De la même manière que l'on a parlé de déchets, relayé que la Chine ne veut plus être la poubelle de l'Occident, comme si l'Europe et la France expédiaient des ordures de l'autre côté du monde, sans autre forme de procédures, ce qui peut engendrer des amalgames et une mauvaise interprêtation de la situation.
Dans ce contexte, Federec remet les pendules à l'heure, puisque les recycleurs de France ne se débarrassent pas de leurs matières en les expédiant en Chine de manière massive, l'Europe restant en effet la principale destination des matières premières issues du recyclage (PMiR); la Fédération indiquant par ailleurs que de nombreux chiffres, tonnages et autres pourcentages circulant avondamment s'avèrent parfaitement faux.
Ainsi, pour ce qui touche aux exports directs de MPiR papiers cartons de la France vers la Chine, les Douanes avancent 378 000 tonnes en 2016, ce qui selon l'Observatoire du Recyclage de Federec représente 5% des 7,2 millions de tonnes collectées en France en 2016. Si l'on y ajoute les exports indirects, ce sont environ 500 000 tonnes de papiers cartons issus du recyclage qui quittent la France à destination de la Chine, a précisé Jean-Philippe Carpentier lors des dernières Rencontre Amorce/Filières REP : une partie de ce qui est exporté par la France, en Belgique et aux Pays Bas notamment, part en Chine, ce qui explique la différence des tonnages et pourcentages.

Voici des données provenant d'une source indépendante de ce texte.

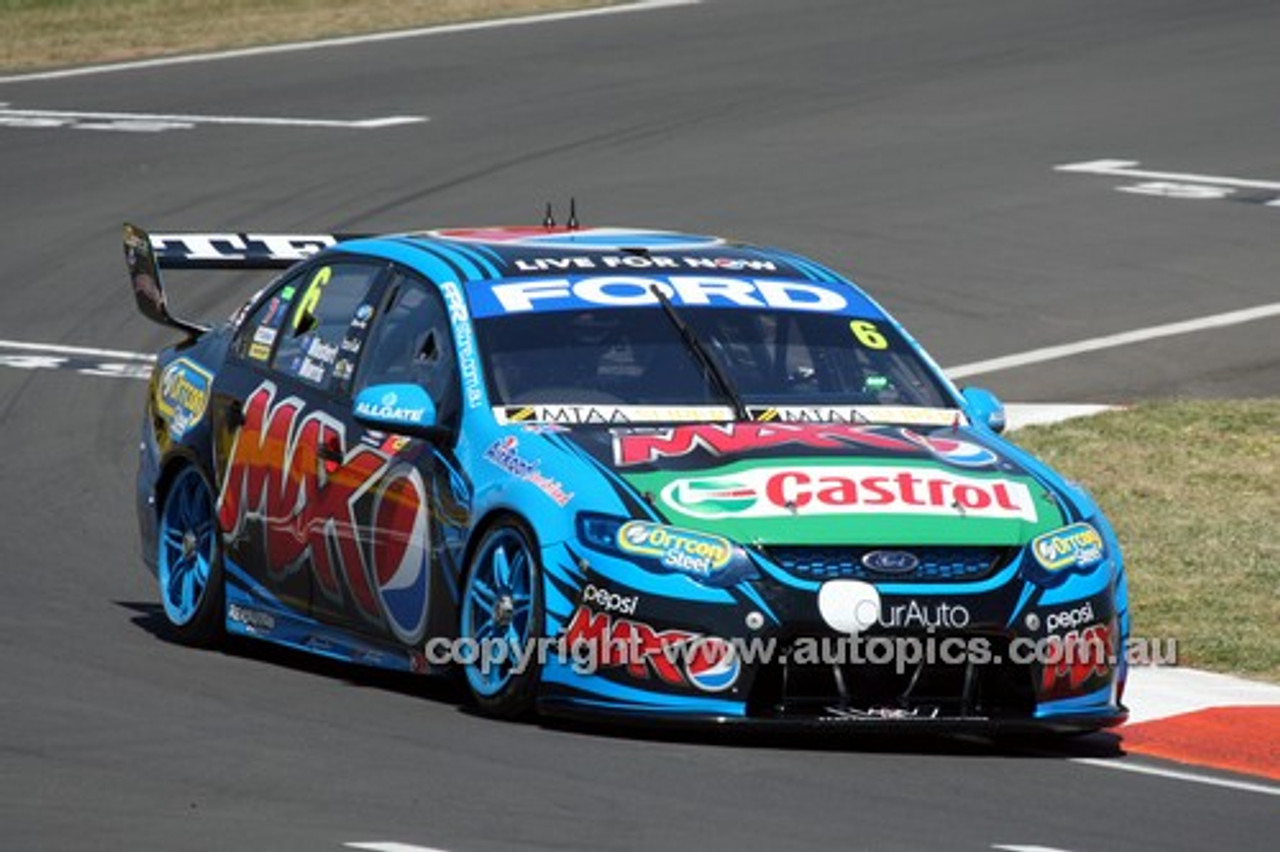 14049 - Chaz Mostert & Paul Morris, Ford Falcon FG - 1st Outright - 2014 Supercheap Auto Bathurst 1000 - Photographer Craig Clifford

Il en va de même pour les plastiques : les exports directs de MPiR plastiques de la France vers la Chine sont comptabilisés par les Douanes qui indiquent 98 000 tonnes en 2016, ce qui représente 11% des 902 000 tonnes collectées en France au cours de cette même année. Si l'on ajoute les exports indirects, via la Belgique et les Pays Bas, notamment, on parvient à un taux de 19% pour cette même année 2016. Le Bureau International du Recyclage (BIR) évalue à 7,3 millions de tonnes les imports de MPiR plastiques de la Chine, dont 2,6 en provenance d’Europe.
Ces tonnages sortant de France à destination de l'Empire du Milieu ne sont en rien négligeables ; mais on est loin des exportations massives parfois sous entendues, ce qui ne veut évidemment pas dire que la décision chinoise n'a que peu d'impact, puisqu'il n'y a pas que notre pays qui exporte à destination de la Chine. « Les MPiR jusqu’à présent exportées depuis l’Europe entière devront trouver de nouvelles solutions de valorisations et de nouveaux marchés qui n’existent pas dans les mêmes proportions à ce jour », expose le BIR...
« Cette décision brise une dynamique d’économie circulaire de la filière de recyclage des papiers-cartons qui collectait les déchets d’emballage des produits importés de Chine et les restituait à la Chine sous forme de Matières Premières issues du Recyclage », mais pas seulement. « En effet, la décision chinoise a déstabilisé les cours des MPiR et les conséquences financières pour nos entreprises sont importantes », a confirmé Federec.